È una curiosa coincidenza vedere nell’anno che ne celebra la fama in tutto il mondo grazie al fasto e alla colorata allegria dei Giochi Olimpici, un film che descrive la città di Atene come un luogo così pieno di tristezza e povertà, un vero e proprio inferno sulla terra, in cui emarginati, ubriaconi e delinquenti si aggirano per le strade come corpi senz’anima.

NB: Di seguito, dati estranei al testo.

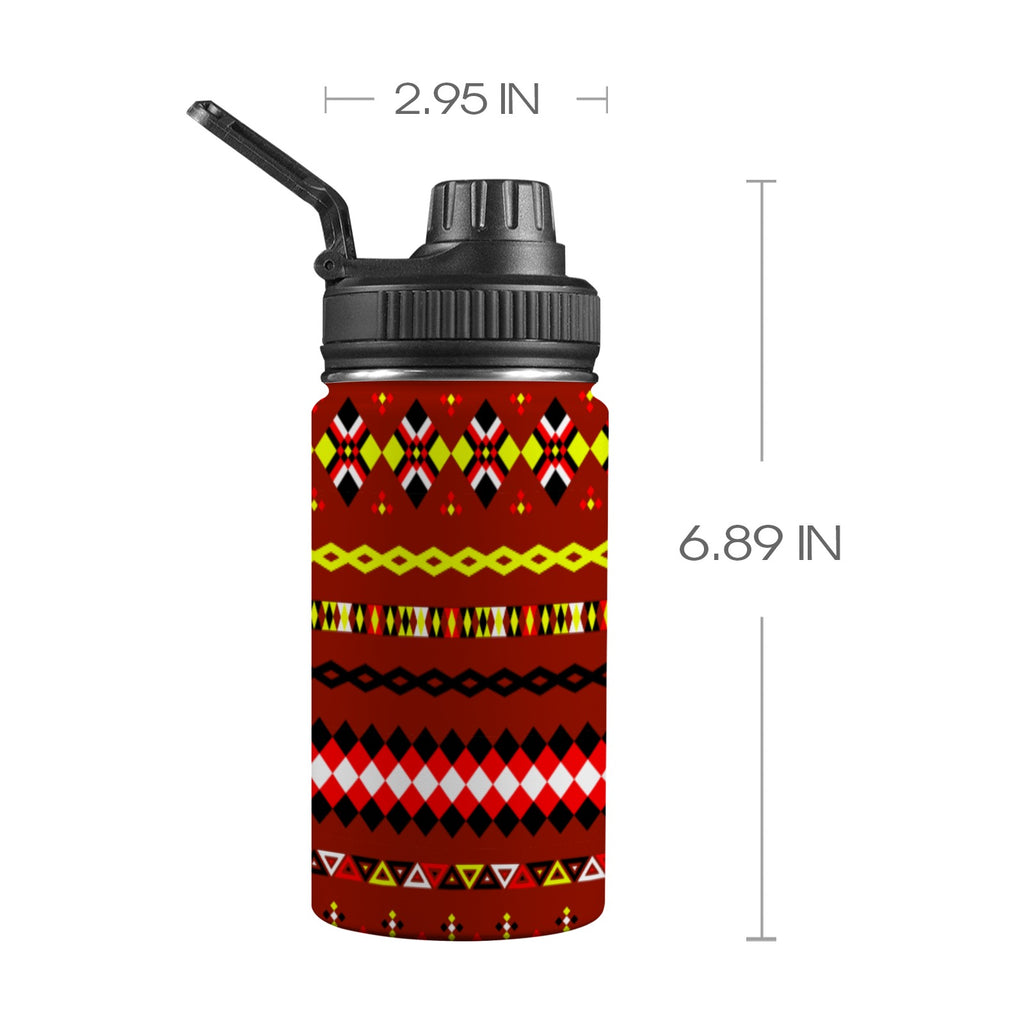 Dark Red Kids Water Bottle with Chug Lid (12 oz)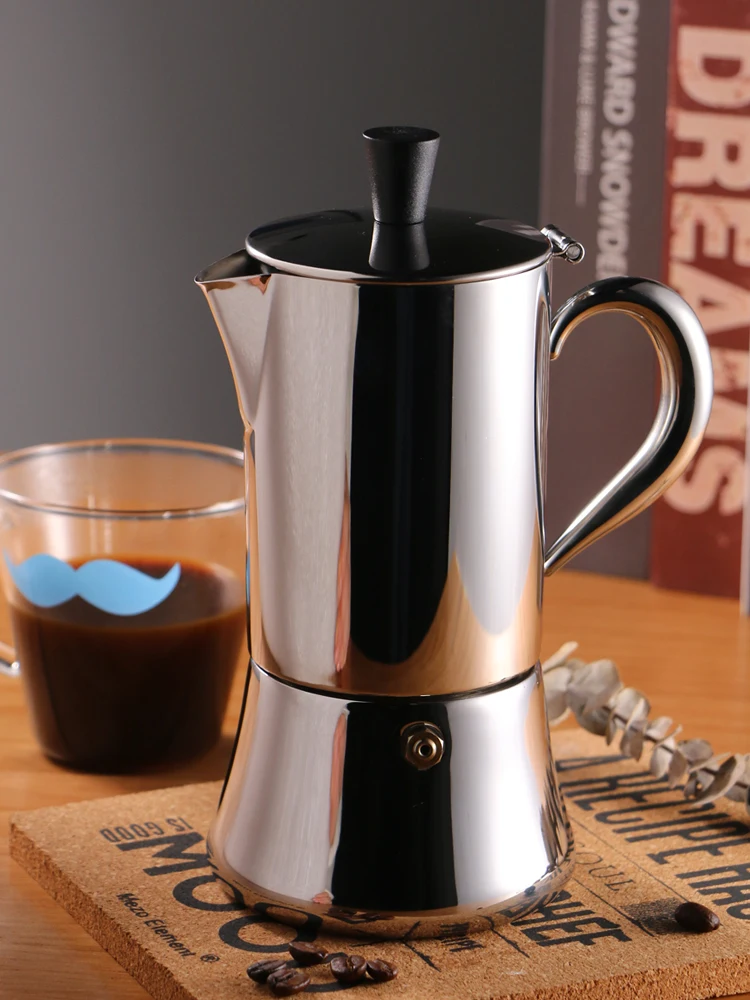 Кофеварка гейзерная из нержавеющей стали, кофейник, небольшая бытовая электрическая плита с подогревом, Итальянский Эспрессо из нержавеющей стали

Il regista Nikos Panayotopoulos fa una scelta estetica ben precisa per descrivere con crudo realismo la sua città: si rifà infatti allo stile documentaristico proprio del cinema neorealista italiano e non, utilizzando un’illuminazione naturale e attori presi dalla strada, dialoghi scarni, un ritmo lento e meditativo. Ma nel finale ribalta completamente l’assunto di partenza con l’inserimento di una sequenza surreale, che ricorda molto il cinema di Emir Kusturica, dimostrando però di non essere in grado di mantenere il pieno controllo della materia trattata. Un peccato, poiché il film poteva benissimo assurgere a manifesto di un certo cinema di impegno sociale così in voga negli stati dell’Europa orientale e porsi come specchio della società greca e delle sue contraddizioni.
L’isolamento psicologico e fisico che contraddistingue tutti i protagonisti del racconto viene descritto con pennellate di colore e un’attenzione ai dettagli non indifferrente. Ma il ritmo eccessivamente dilatato della narrazione e la ripetitività di alcune situazioni invalidano il risultato complessivo, insieme al finale delirante e del tutto staccato dal contesto generale, la cui involontaria comicità stride con la sequenza violenta e drammatica che subito precede.